## Dataset records
= = = = =
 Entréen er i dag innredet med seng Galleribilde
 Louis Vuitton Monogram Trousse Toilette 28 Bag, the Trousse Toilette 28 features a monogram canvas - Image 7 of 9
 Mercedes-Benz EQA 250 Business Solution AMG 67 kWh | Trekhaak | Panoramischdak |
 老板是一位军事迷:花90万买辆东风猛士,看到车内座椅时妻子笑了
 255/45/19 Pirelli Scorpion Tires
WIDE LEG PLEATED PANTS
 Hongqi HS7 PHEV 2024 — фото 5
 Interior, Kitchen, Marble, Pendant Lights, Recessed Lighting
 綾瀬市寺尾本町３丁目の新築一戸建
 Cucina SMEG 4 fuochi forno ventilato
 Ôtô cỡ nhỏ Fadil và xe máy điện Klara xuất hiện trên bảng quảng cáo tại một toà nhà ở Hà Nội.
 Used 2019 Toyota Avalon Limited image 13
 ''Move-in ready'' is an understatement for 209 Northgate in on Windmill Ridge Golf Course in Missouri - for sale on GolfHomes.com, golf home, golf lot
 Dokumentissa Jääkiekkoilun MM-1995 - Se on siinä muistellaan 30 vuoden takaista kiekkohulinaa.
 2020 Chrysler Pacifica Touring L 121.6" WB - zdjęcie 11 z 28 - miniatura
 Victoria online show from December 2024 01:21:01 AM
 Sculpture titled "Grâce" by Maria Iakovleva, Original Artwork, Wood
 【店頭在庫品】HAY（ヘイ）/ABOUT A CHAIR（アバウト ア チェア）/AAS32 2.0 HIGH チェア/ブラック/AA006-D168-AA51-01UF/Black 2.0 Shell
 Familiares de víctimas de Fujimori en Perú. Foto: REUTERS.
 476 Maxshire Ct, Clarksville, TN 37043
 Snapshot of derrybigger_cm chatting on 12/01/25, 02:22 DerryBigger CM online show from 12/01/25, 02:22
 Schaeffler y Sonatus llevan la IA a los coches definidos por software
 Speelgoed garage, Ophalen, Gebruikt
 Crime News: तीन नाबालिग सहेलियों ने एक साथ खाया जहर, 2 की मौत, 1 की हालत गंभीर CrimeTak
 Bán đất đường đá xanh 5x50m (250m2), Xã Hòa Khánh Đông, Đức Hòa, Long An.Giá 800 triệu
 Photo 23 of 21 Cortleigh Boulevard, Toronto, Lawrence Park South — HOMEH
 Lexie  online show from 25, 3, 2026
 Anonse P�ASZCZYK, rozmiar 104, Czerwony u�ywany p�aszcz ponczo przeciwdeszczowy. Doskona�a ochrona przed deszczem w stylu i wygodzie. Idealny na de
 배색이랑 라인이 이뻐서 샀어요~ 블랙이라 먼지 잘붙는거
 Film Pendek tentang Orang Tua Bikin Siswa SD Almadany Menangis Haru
= = = = =
## Your task
Bring together every line in the entries that holds the string "online".

## Answer space
 Victoria online show from December 2024 01:21:01 AM
 Snapshot of derrybigger_cm chatting on 12/01/25, 02:22 DerryBigger CM online show from 12/01/25, 02:22
 Lexie  online show from 25, 3, 2026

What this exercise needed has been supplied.